結論からいうと、私はマイケル・ノールズの言う「これはフェミニストをおちょくったパロディー」という意見に同意する。

あらすじ:バービーランドに住むバービーたちは全て完璧で最高の生活を送っている。洋服は常に美しく最高のファッション。それぞれのバービーが壁のないプラスチックのバービーハウスに住んでいる。バービーランドはバービーたち女性人形がすべてを取り仕切っており、大統領も学者もお医者もすべてバービー。ケンたちはバービーたちを引き立てる飾りに過ぎず全く権力を持たない。しかし金髪のケンはバービーを愛していて常にバービーの気を引こうと必死だが、バービーは全然興味なく、毎日ガールズナイトでディスコパーティーに明け暮れる。

そんなバービーがある日突然何かに憑かれたのように死を意識するようになる。そして人間の母と子の夢を見る。予告編でもあるようにかかとが地面についたり完璧なバービーの世界が少し歪んでいるのだ。そこでバービーは問題を解決するためにバービーランドに住む変なバービーに相談にいく。変なバービーは現実の世界へ行って、夢に出て来た女の子を探しだせという。そこでバービーは現実社会へと旅立つが、なぜかケンもついてきてしまう。

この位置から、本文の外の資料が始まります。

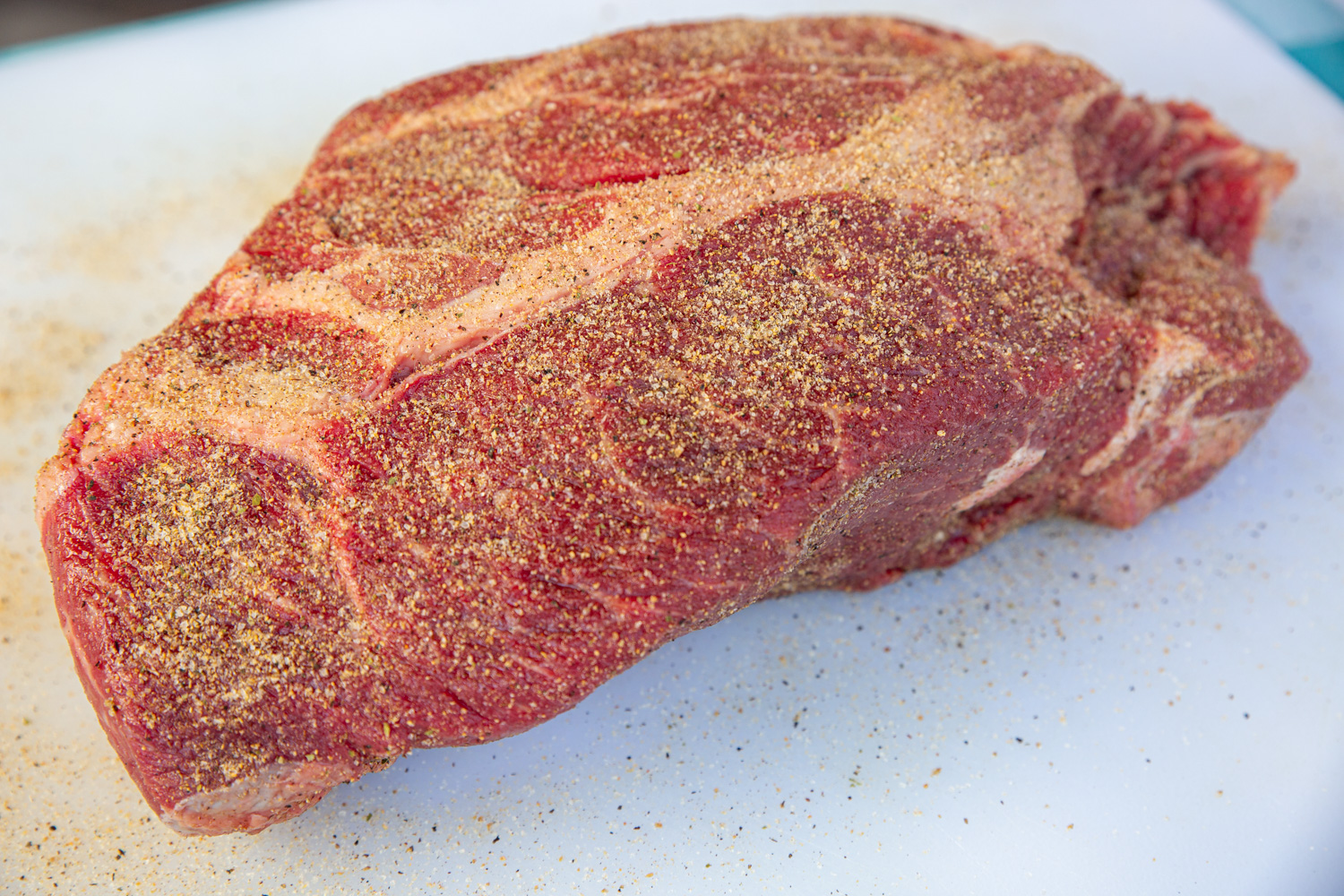 The beef chuck roast, sprinkled liberally (but not fully coated) with beef rub. Red meat is still able to be seen.
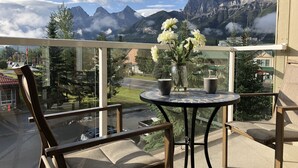 A balcony with a table, chairs, and a vase of flowers.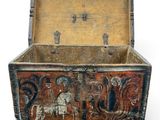 an old wooden box with a painting on the inside of it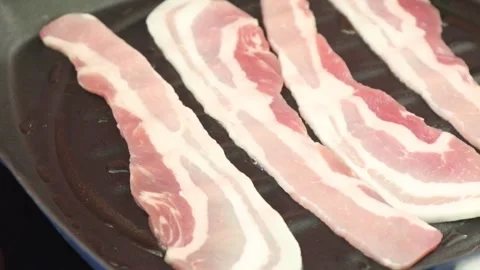Bacon Being Cooked in A Griddle Pan Stock Footage 244738922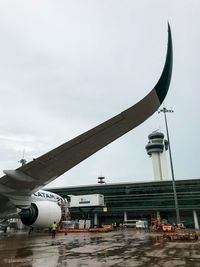 Airplane on airport runway against sky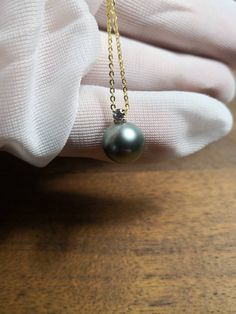 Genuine Tahitian black green 10mm pearl pendant. Pendant is setting with 18K gold and CZ stone. Necklace chain length is about 18 inches. 18K gold plated sterling silver Belcher chain. Gift box available. Yellow Gold Tahitian Pearl Necklace, Gold Tahitian Pearl Necklace For Anniversary, Formal Gold Necklace With Tahitian Pearl, Formal Gold Tahitian Pearl Necklace, Gold Tahitian Pearl Pendant Necklace, Cz Stone Necklace, Belcher Chain, Green Pearls, Necklace Chain Lengths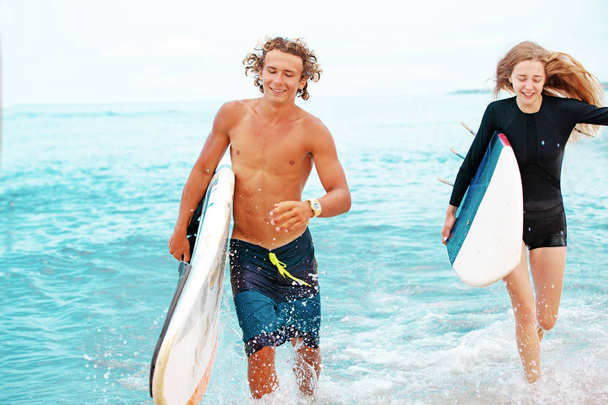 Surfeurs à la plage.Un couple souriant de surfeurs marchant sur la plage et s'amusant en été. Concept de sport extrême et vacances
 - Photo, image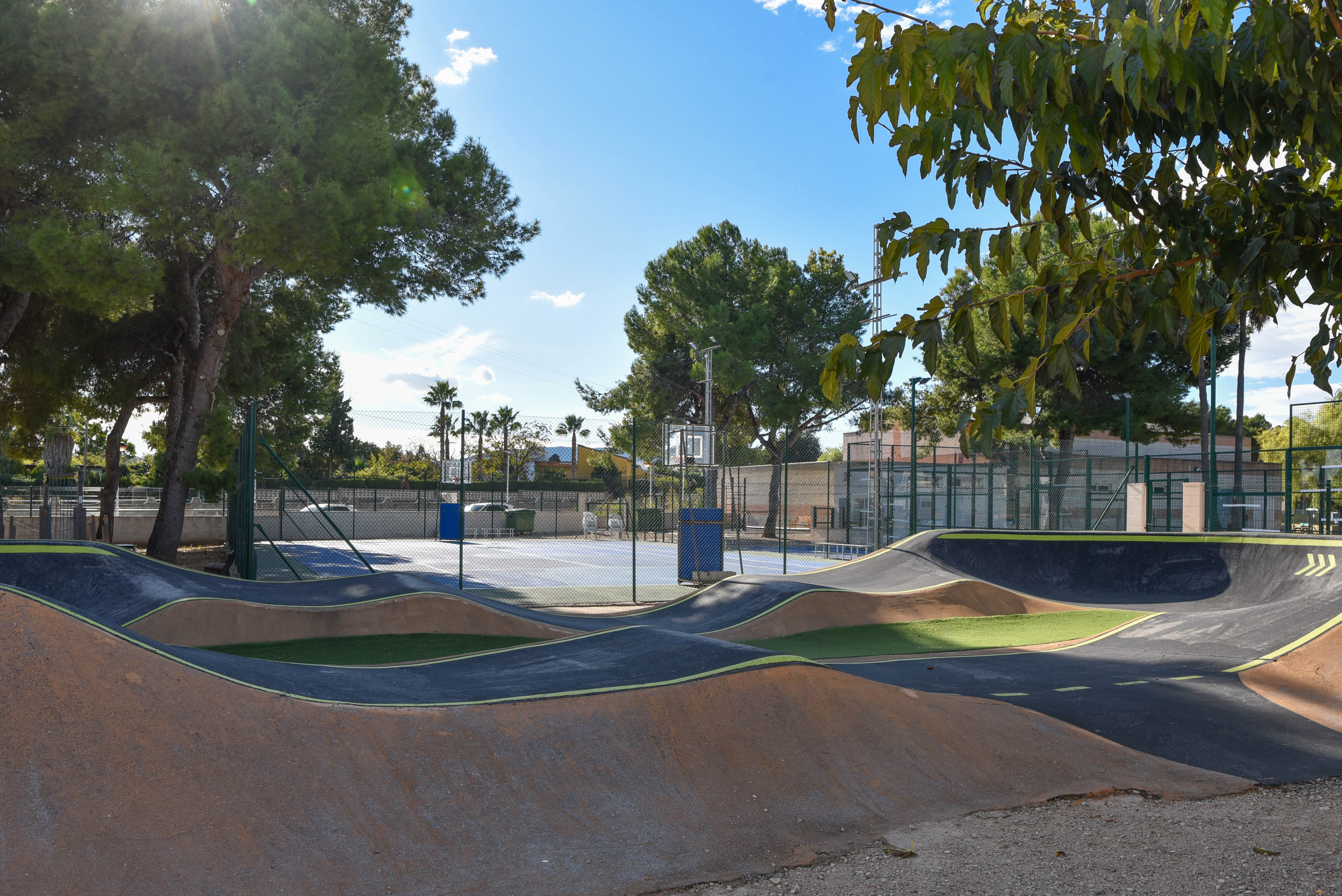 Geasfalteerde pump track met golvende banen naast een omheind multisportveld, omgeven door volgroeide pijnbomen in een recreatiegebied.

バービーとケンが訪れた現実社会は、バービーランドとは反対にすべて男性によって牛耳られている。それを知ったケンはこの家父長社会に感激し、バービーを残して一人バービーランドへ帰る。現実社会で色々あったバービーが人間の母子を連れてバービーランドに帰ってみると、何とケンがバービーランドのリーダーになり、バービーたちを召使のように扱っていたのである!バービーはケンからバービーランドの主権を取り戻そうと実社会の母子と一緒に計画するのだが、、あらすじ終わり

まずこれがフェミニストの映画ではないと思う最初の手がかりは、予告編にもあるように何もかも女性が仕切っているバービーランドに住んでいながら主役のバービーが突然、死を意識するところである。バービーランドはフェミニスト天国であり何の落ち度もないのだ。そんな国に住んでいるのに何故わざわざ不完全な現実社会に行かなければならないのか?

現実社会に行ったバービーは公園で遊ぶ子供たちやベンチに座っている老婆に見入る。幸せそうな人もいれば悲しみにくれている人もいる。バービーはそんな人たちを観て感動してしまうのだ。でも何故?全部女性が仕切って居て完璧なバービーランドから来たのに、どうしてこんな不揃いな人たちを観て感動したりするのだろうか?

注意:この先ネタバレあり!

バービーはすぐに自分の持主である中学生くらいの少女に出会う。しかし少女は自分はバービーなんて5歳くらいから遊んだことはないと言い、完璧な女性像を描く「典型的バービー」は現実の女性とは大違いで、かえって少女たちから夢を奪っていると説教されてしまい大いに傷つく。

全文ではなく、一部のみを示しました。